[Brief descriptive captions]
"""

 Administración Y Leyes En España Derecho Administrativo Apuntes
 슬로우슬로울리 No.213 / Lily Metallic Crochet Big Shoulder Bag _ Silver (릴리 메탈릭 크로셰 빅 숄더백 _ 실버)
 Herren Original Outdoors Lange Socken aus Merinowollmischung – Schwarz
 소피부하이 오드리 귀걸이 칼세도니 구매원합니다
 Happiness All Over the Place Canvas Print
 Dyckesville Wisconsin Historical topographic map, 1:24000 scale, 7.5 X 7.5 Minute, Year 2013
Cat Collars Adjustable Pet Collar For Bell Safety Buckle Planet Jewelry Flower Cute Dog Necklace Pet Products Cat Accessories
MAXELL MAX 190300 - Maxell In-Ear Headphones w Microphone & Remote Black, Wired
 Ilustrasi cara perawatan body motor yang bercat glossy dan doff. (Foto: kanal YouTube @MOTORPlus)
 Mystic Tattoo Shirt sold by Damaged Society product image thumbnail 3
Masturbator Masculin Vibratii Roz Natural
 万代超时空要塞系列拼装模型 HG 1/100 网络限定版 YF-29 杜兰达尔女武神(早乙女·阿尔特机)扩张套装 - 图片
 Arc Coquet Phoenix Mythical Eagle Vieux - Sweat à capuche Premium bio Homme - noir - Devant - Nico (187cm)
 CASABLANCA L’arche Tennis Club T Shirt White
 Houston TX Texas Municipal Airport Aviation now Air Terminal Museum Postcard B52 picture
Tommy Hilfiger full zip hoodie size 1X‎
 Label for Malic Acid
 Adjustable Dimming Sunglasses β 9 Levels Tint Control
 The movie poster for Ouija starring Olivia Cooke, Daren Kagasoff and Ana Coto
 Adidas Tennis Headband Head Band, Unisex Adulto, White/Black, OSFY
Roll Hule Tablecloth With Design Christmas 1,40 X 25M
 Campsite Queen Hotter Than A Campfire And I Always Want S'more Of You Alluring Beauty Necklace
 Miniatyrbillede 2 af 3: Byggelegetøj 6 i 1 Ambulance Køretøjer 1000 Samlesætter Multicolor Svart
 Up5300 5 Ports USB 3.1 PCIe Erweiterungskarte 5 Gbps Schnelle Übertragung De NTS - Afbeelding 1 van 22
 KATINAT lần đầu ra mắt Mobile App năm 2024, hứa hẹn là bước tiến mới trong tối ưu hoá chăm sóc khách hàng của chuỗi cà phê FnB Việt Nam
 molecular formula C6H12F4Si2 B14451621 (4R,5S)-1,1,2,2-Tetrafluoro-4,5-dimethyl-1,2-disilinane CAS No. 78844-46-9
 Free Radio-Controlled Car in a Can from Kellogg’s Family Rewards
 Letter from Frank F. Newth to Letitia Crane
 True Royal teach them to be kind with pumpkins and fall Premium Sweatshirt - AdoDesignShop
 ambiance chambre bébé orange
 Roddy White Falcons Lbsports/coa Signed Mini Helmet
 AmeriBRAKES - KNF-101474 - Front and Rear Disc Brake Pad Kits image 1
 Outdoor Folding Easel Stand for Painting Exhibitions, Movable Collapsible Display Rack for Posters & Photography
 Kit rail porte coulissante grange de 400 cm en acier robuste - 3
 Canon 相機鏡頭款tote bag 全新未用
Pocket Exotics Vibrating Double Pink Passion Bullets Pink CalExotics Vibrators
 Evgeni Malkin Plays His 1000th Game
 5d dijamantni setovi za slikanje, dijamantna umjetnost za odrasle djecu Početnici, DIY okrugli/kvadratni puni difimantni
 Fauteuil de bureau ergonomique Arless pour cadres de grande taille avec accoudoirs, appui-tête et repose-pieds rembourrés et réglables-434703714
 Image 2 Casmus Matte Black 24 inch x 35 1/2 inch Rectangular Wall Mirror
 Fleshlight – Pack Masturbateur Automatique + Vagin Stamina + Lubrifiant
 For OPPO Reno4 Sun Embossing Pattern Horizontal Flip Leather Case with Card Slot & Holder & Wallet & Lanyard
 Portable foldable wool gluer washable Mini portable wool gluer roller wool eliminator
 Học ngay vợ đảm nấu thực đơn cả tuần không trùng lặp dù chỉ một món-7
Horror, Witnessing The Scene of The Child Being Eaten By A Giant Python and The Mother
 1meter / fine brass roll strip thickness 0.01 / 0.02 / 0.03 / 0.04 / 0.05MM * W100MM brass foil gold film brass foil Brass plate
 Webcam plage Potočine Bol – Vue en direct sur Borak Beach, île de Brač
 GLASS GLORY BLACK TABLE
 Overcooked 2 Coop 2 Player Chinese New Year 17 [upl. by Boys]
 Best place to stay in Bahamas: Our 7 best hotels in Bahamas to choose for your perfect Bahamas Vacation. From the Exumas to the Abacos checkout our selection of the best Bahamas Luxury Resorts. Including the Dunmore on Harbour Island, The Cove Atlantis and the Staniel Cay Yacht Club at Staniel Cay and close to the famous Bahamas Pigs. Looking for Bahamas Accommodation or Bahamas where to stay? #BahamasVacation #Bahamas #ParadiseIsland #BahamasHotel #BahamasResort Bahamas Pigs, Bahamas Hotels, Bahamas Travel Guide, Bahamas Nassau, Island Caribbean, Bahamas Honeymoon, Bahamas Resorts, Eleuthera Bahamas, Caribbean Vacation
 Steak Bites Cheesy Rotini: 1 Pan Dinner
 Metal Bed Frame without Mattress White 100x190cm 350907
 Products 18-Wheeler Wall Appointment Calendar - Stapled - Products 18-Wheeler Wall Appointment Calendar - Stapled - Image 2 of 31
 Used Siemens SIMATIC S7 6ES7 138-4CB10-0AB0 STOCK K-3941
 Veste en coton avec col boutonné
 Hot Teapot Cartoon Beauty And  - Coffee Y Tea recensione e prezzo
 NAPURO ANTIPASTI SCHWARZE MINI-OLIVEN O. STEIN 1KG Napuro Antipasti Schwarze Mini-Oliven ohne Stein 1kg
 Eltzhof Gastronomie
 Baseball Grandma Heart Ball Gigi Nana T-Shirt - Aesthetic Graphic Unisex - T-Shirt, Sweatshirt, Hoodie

"""

— Exercise —
Would you tally the lines above that include "White" and reply with only the total?

— Answer for the task —
4